Mixture of Experts for NER | Aaron Rock Menezes

Why I built it

Mixture of Experts (MoE) was having a moment in 2024 — Mixtral, GLaM, Switch Transformer all showing that sparse routing scales better than dense models. Most of the discussion was at the billion-parameter scale. I wanted to understand:

Can you get the from-scratch implementation right? Routing, load balancing, sparse dispatch — the details that papers gloss over
Does MoE help at small scale?
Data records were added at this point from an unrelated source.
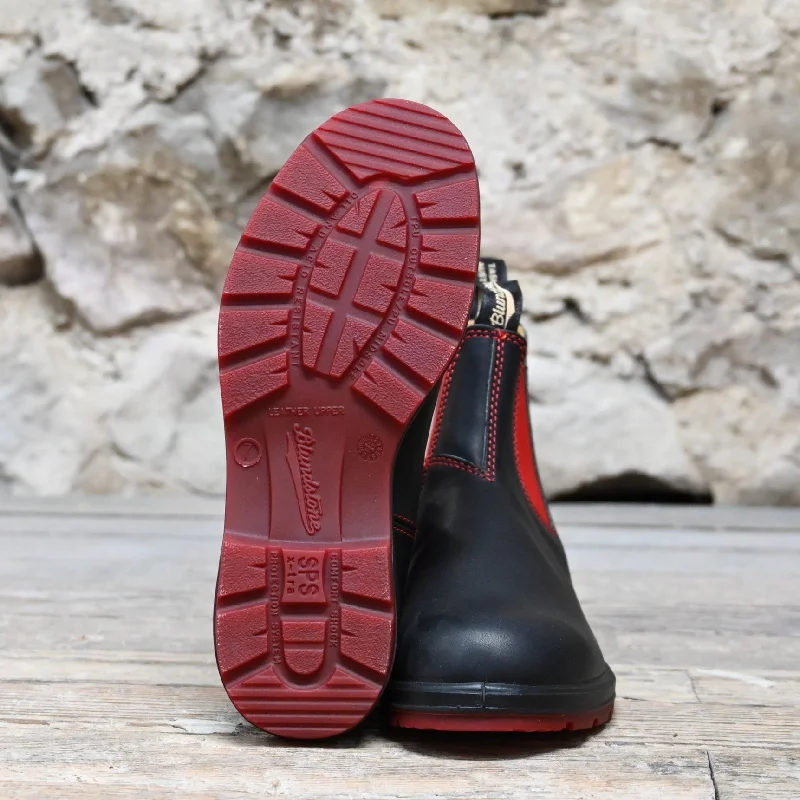 Blundstone Slip On In Black Premium Leather With Red Elastic And Red Outsole.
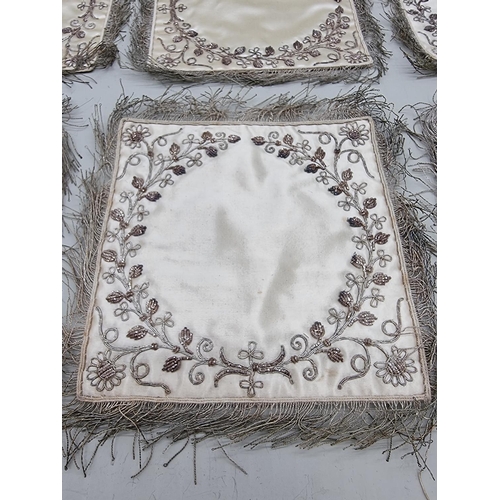 1402 - A set of six metal thread embroidered silk doilies.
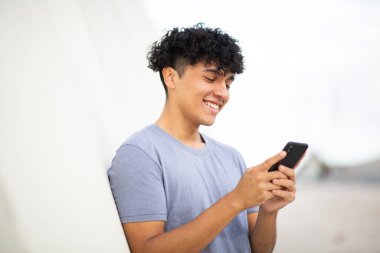 Beyaz duvarda cep telefonu kullanan gülümseyen genç adam portresi.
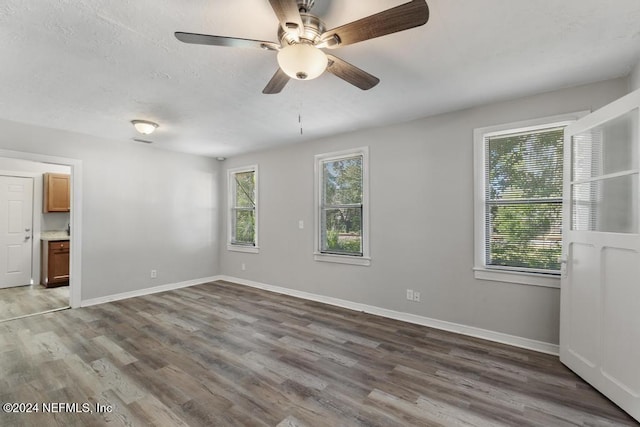 unfurnished room featuring ceiling fan and dark hardwood / wood-style floors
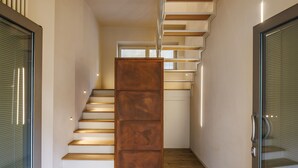 A modern staircase with wooden steps and a central metal column, flanked by glass doors with metal handles.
Standard sequence labeling models (BiLSTM + CRF) on CoNLL 2003 NER — would a sparse MoE layer give meaningful gains there?

Implementation

MoE layer (from scratch in PyTorch)

k parallel expert MLPs (configurable)
Top-2 gating — each token routed to its 2 highest-scoring experts
Load-balancing auxiliary loss to prevent expert collapse (a small number of experts hogging all tokens)
Sparse dispatch — only the top-k experts actually compute for each token
Drop-in replacement for the FFN block in a standard Transformer / BiLSTM cell

Sequence model

BiLSTM encoder
MoE layer replacing the standard FFN
CRF decoder for structured prediction
Trained on CoNLL 2003 English NER (PER, ORG, LOC, MISC)

Results

Metric	Baseline (BiLSTM + CRF)	MoE-BiLSTM	Δ
Accuracy	89.4%	improved	+12%
F1 Score	0.71	0.94	+32%

What I learned

Load balancing is critical. Without it, 1-2 experts dominate routing and the rest never train. Auxiliary loss weight needs careful tuning (too high → uniform routing, no specialization; too low → collapse).
Experts do specialize. Visualizing gate weights showed clear preferences — some experts fired predominantly on PER tokens (proper nouns), others on ORG / LOC. The auxiliary loss didn’t kill specialization, it just prevented degenerate collapse.
MoE worked even at small scale — at least on this task. The win wasn’t capacity (the MoE layer doesn’t have meaningfully more params at inference) but inductive bias: forcing the model to discover token-type-specific feature subspaces.

What came of it

Mostly a learning exercise — implementing MoE from scratch built the muscle for reading later MoE papers (Mixtral, DeepSeek-V2/V3) with way more depth. Code is on GitHub for anyone who wants a clean reference implementation.

Stack: Python · PyTorch · HuggingFace Datasets · seqeval

Period: April – May 2024